So sieht es das Infektionsschutzgesetz vor. Doch es gibt erneut Streit – inzwischen darum, ob man die Maßnahmen überhaupt angemessen evaluieren könne.
Am Donnerstag teilte Gesundheitsminister Karl Lauterbach per Twitter mit, dass der Virologe Christian Drosten die Expertenkommission verlassen habe und er dies zutiefst bedauere. Am Freitag gab der Minister dem TV-Sender Phoenix ein halbstündiges Interview, in dem er unter anderem zu der Causa Stellung nahm und den Vorgang zu erklären versuchte.
Auf Drosten habe es sehr viel Druck gegeben. Ihm sei unterstellt worden, dass er die Bewertung nicht wolle, um damit Maßnahmen, an deren Entwicklung er selbst beteiligt gewesen ist, nicht bewerten zu müssen. „Das ist die Unterstellung gewesen“, sagte Lauterbach, „das war falsch, bösartig“. Vor allem eine Zeitung habe sich damit profiliert, so der Gesundheitsminister.
Er meint damit die Welt und die Welt am Sonntag, die seitdem nachgelegt hat: Der Sachverständigenrat sei über die gewollte Verschiebung der Evaluierung keineswegs so einig, wie Lauterbach es darstelle, schrieb das Blatt am Wochenende. Es sei vielmehr der Gesundheitsminister selbst, der die Verschiebung der Evaluierung vorantreibe – um ein ganzes Jahr.
Man werde den gesetzlichen Auftrag „sicherlich nicht vor Sommer 2023 in ausreichender Qualität und Tiefe“ erfüllen können, zitiert das Blatt Lauterbachs Wunsch um die Verschiebung der Evaluierung der Maßnahmen an Bundestagspräsidentin Bärbel Bas. Zudem lägen Informationen darüber vor, dass nur ein Teil der Expertenkommission diesen Wunsch geäußert habe und nicht, wie es Lauterbach formuliere, die gesamte Gruppe.
Nach Drostens Ausstieg fehlen der Corona-Expertenkommission Experten
Bei Phoenix hatte Lauterbach berichtet, dem Gremium fehle es an Experten. Seit dem Abgang Drostens, den er gut verstehen könne, sei mit Hendrik Streeck nur noch ein Virologe im Team, außerdem fehlten zur Berechnung Mathematiker.

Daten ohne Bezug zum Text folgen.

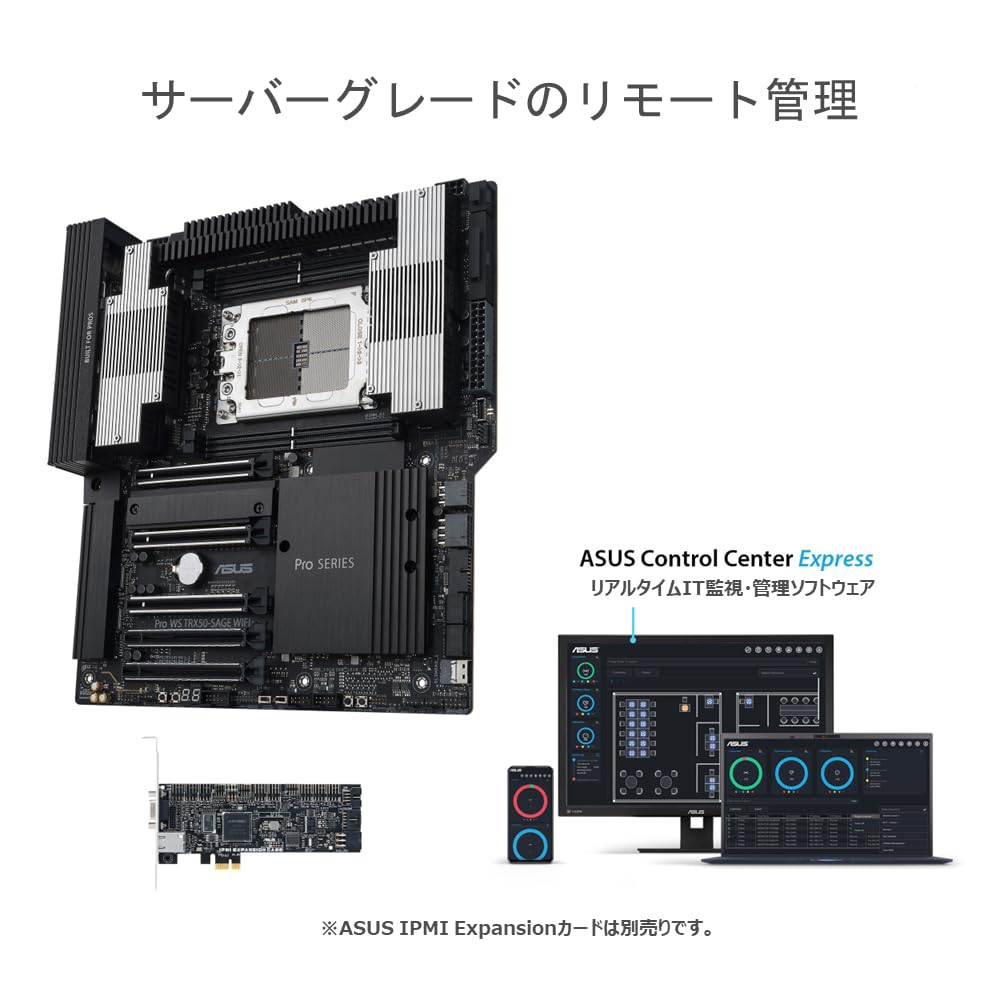 Amazon | ASUS Pro WS TRX50-SAGE WIFI AMD Threadripper PRO 7000 WX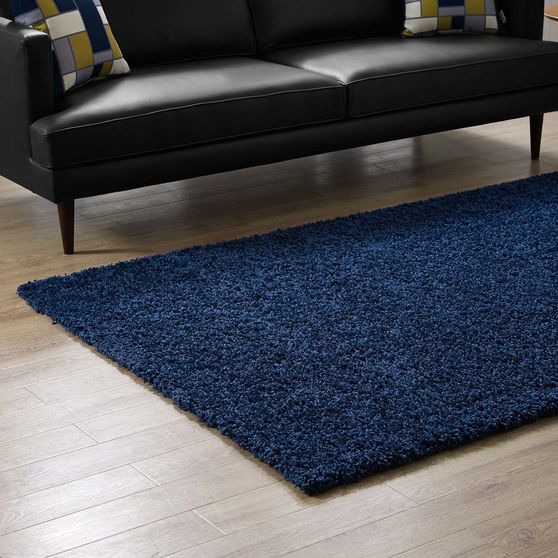 Contemporary solid 5x8 shag rug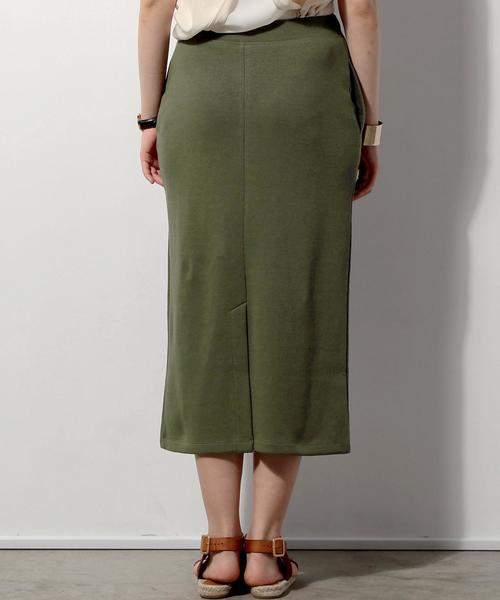 UNITED ARROWS（ユナイテッドアローズ）の「UWBT ジャージー リブ タイトスカート◆（スカート・レディース・グレー/オリーブ/ネイビー・FREE）」の16枚目の写真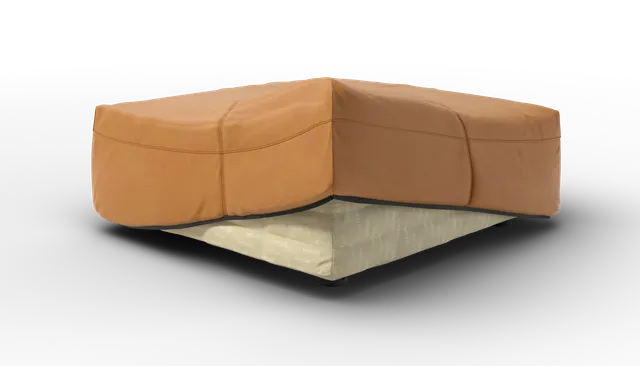 vetsak Cover Sofa Seat Small fodera Leather Brown 105x63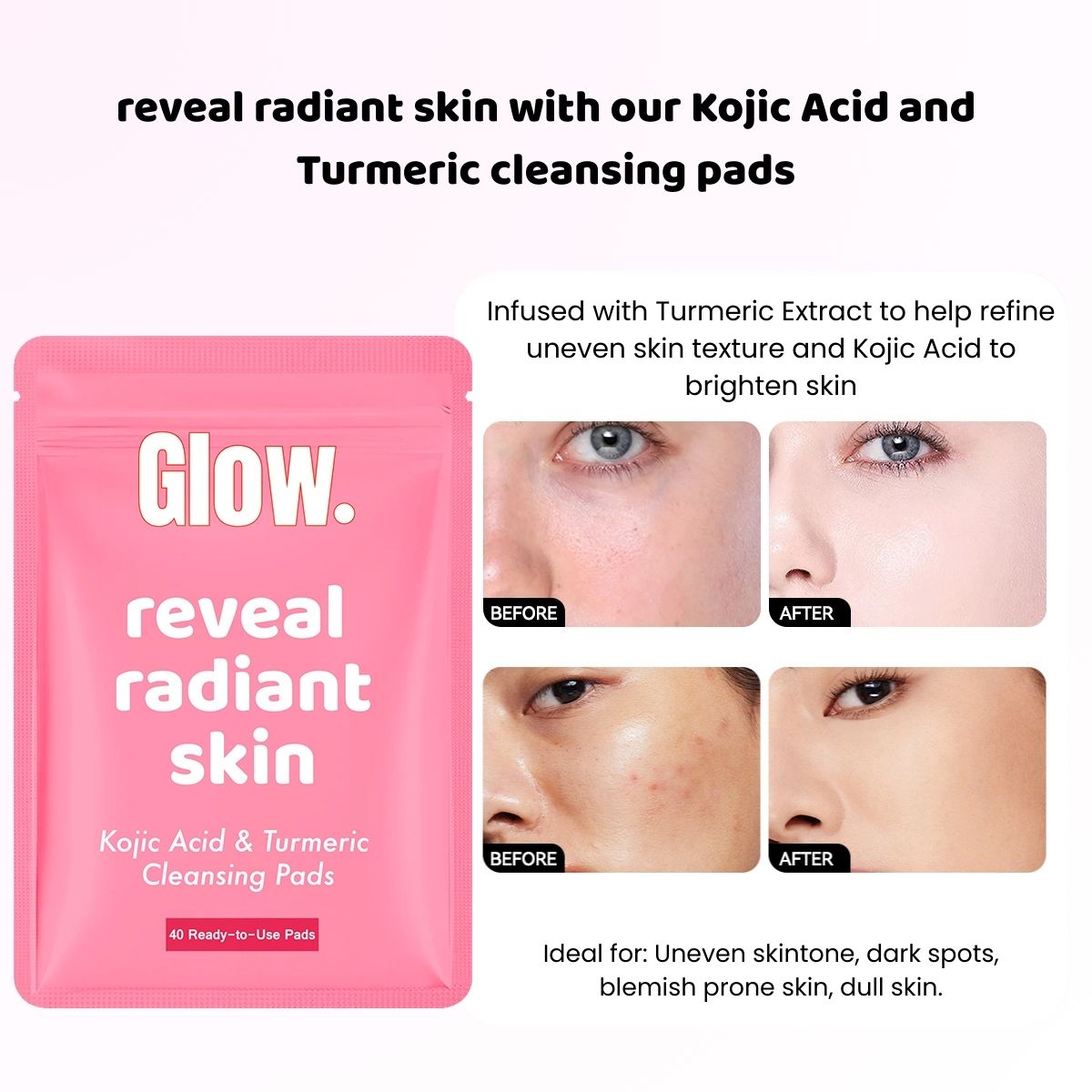 Kojic and Turmeric Pads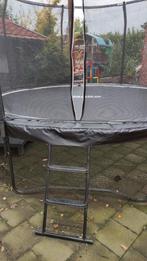 Professionele Salta trampoline premium black 3.96m doorsnede, Ophalen, Zo goed als nieuw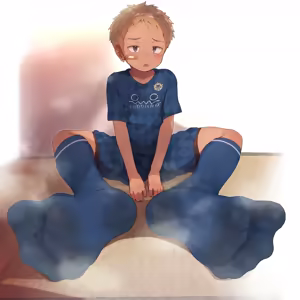 Page 480 of 2023-10-22-練習後の蒸れた足裏を見せてくれるスポーツくん♂ - preview thumbnail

Der Sachverständigenrat ist damit betraut, für Bundestag und Bundesregierung das Infektionsschutzgesetz insgesamt zu bewerten – in Hinblick darauf, ob die rechtliche Grundlage stimmt, die Kompetenzen von Bund und Ländern richtig verteilt sind, ob es im Rückblick falsche Beschlüsse gab und eben ob die Corona-Maßnahmen gerechtfertigt waren und wenn ja, welche.
Auf Wunsch des Vorsitzenden des Sachverständigenrats habe er nun prüfen sollen, sagte Lauterbach, ob Stellen für die dafür benötigten Mathematiker ausgeschrieben werden könnten oder ob „ein Team von Leuten zuarbeiten“ könne.